Wal-Mart, the world’s largest retailer, said same-store sales, or stores open at least one year, rose 3 percent in July as consumers began using up their government stimulus checks. Analysts who follow the important measure of a retailer’s health had expected a 3.4 percent rise, on average.
Financial stocks also lost ground after insurer American International Group reported that it lost more than $5 billion in the second quarter. The stock was by far the steepest decliner among the 30 that make up the Dow industrials.
Meanwhile, the announcement by the credit-ratings agency Moody’s Investors Service that it placed the long-term ratings of credit card lender American Express on review for possible downgrade added to investors’ jitters.
Bill Stone, chief investment strategist for PNC Wealth Management, said the stream of economic news has been somewhat negative lately, often short-circuiting the market’s attempts to build on rallies. Today’s reports on employment and financials only added to investors list of worries, he said.
“The concerns about a weakening economy always run to worries about the financials and then you add some negative news to them on their own and you’ve got what we’ve got today,” he said.
Oil prices that fell sharply earlier in the week rebounded today, likely adding to Wall Street’s downbeat mood. Light, sweet crude rose $1.44 to settle at $120.02 on the New York Mercantile Exchange.
The employment data today indicated that the labor market continues to weaken. The number of people continuing to collect unemployment benefits rose for the week ending July 26 to the highest level since early December 2003. In recent weeks, General Motors, Weyerhaeuser and Starbucks. have all announced job cuts, sending more people to the unemployment lines.
Stocks briefly came off their lows after the National Association of Realtors said its seasonally adjusted index of pending sales for existing homes rose 5.3 percent to 89 from a downwardly revised figure of 84.5 for May. Despite the June increase, the index sits 12 percent below year-ago levels. Economists surveyed by Thomson/IFR had predicted the index would fall to 84.3.
Jerry Webman, chief economist at Oppenheimer Funds, said a swift pullback in stocks after the day’s economic readings illustrates the fragility of investor sentiment.
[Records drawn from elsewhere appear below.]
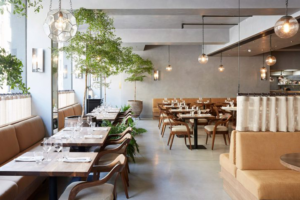 9_St-Leonards-restaurant-by-Fabled-Studio-01-300x200.png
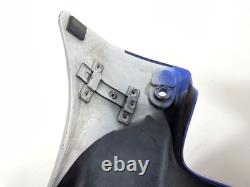 Used right side fairing for Honda XRV 650 RD03 Africa Twin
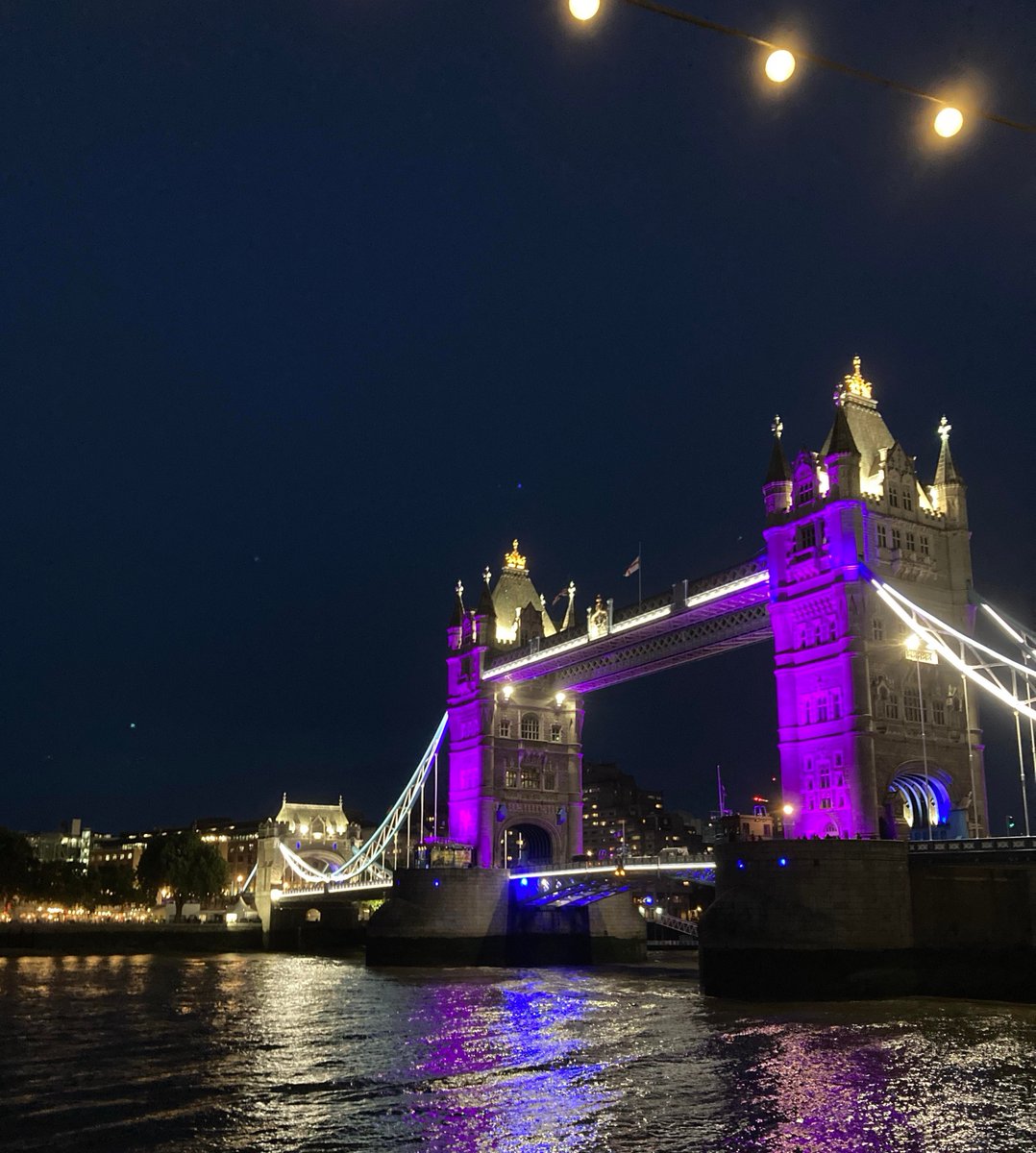 LSIntegrates's tweet photo. Very excited to see you all in London tomorrow for #MedTechIntegrates! After being postponed in June, we're so glad it's finally here. Wishing everyone a good night's sleep ahead of a great day of networking, discussion &amp; innovation 
#medtech #networking #innovation #lifescience https://t.co/YXjH6ckhpi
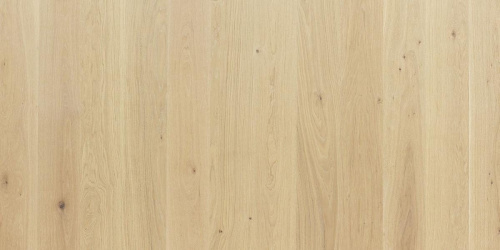 Паркетная доска Focus Floor Дуб Престиж Калима (Oak Prestige Calima) 1800x188 мм фото 2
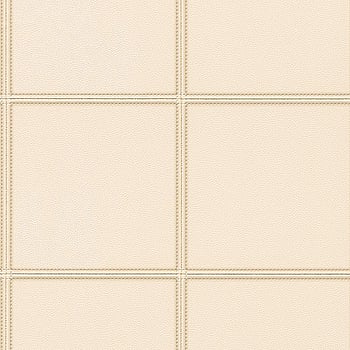 Galerie Wallcoverings Product Code 576450 - Cosmopolitan Wallpaper Collection -   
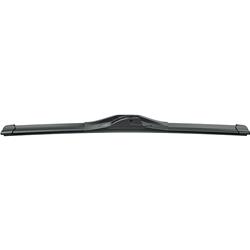 TRICO Force Wiper Blades 25-220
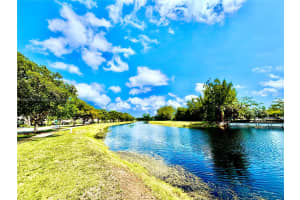 3051 S Palm Aire Dr APT 203, Pompano Beach, FL 33069, - MLS#A11802795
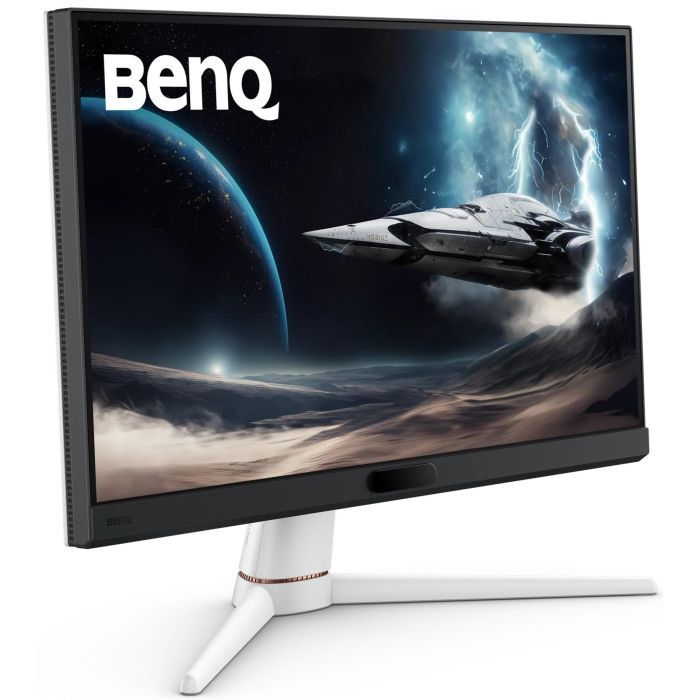 Монитор BenQ EX251 изображение 2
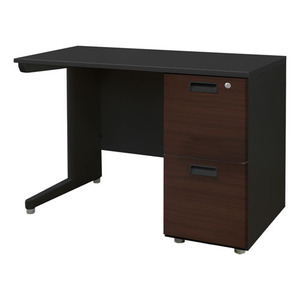 オフィスデスク・テーブル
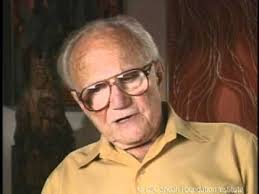 Jewish Survivor Siegfried Herrmann Testimony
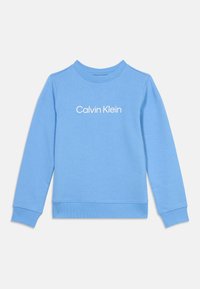 Επιλέχθηκε, provence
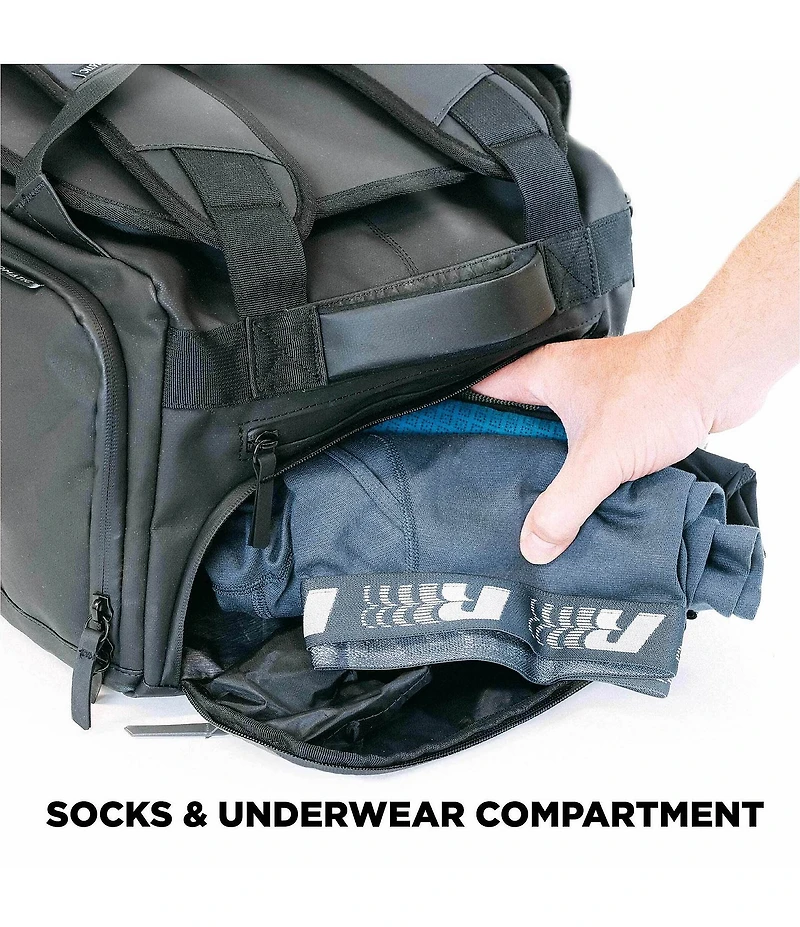 Nomatic Travel Backpack Bag 40L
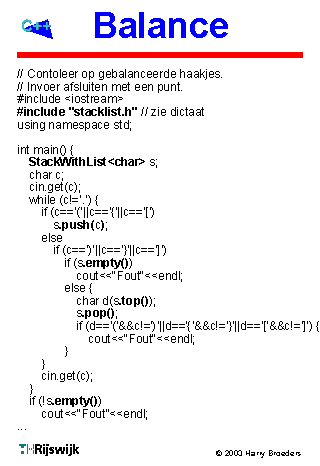 sheet 15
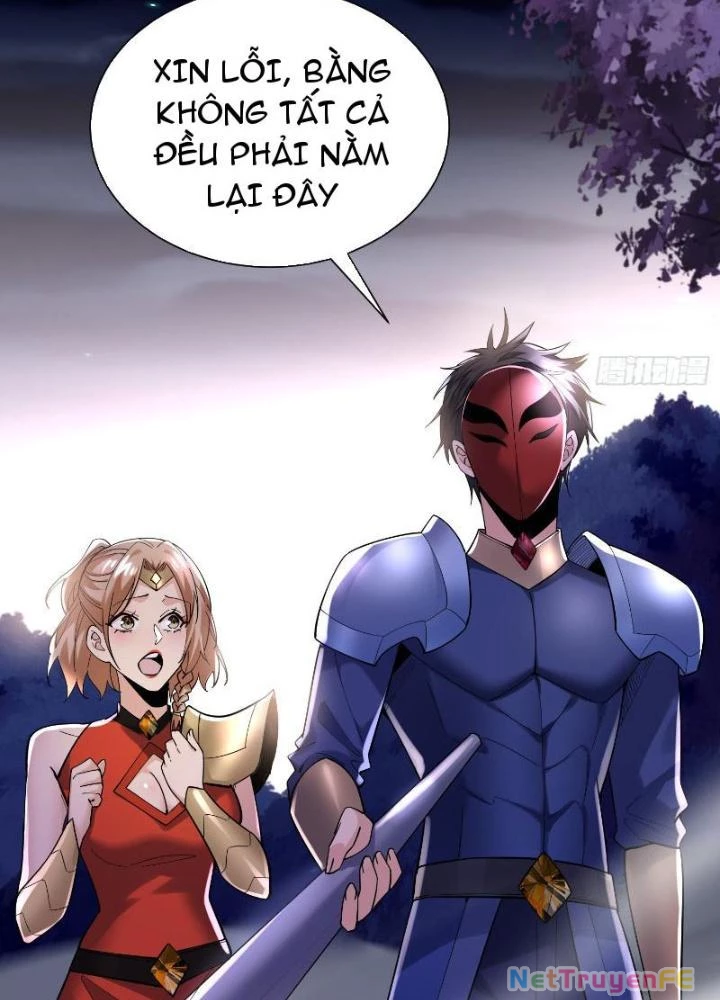 Chương 29 - Trang 24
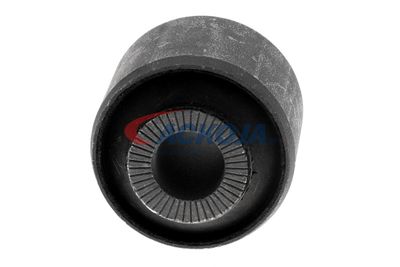 SUPORT TRAPEZ ACKOJA A700483 48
He said the market’s volatility reflects an undercurrent of uncertainty and efforts by some traders to capitalize on shifts in the mood.
“We react very strongly to bits of news,” he said. “The whipsaw danger is pretty high here.”
In corporate news, American International Group fell $5.25, or 18 percent, to $23.84 after the world’s largest insurer reported its loss and said weakness in the credit markets has erased several billions of dollars in value from its credit default swaps portfolio and other investments.
American Express fell $1.31, or 3.5 percent, to $36.68 after the Moody’s announcement.
Citigroup fell $1.18, or 6 percent, to $18.52 after federal and state regulators announced settlements today in which the company will repurchase more than $7 billion in auction-rate securities and pay $100 million in fines. The company neither acknowledged nor denied wrongdoing under the settlements. New York Attorney General Andrew Cuomo had threatened to charge Citigroup with fraudulent sales of auction-rate securities and with the destruction of key documents.
The latest worries about financials offered an unwelcome reminder of the trouble companies are having with bad debt on their balance sheets. Tightness in the credit markets makes it hard for companies to unload and even value mortgages and other paper. And the reports of rising unemployment today only added to fears that defaults on mortgages and other borrowings aren’t likely to end soon as consumers continue to struggle.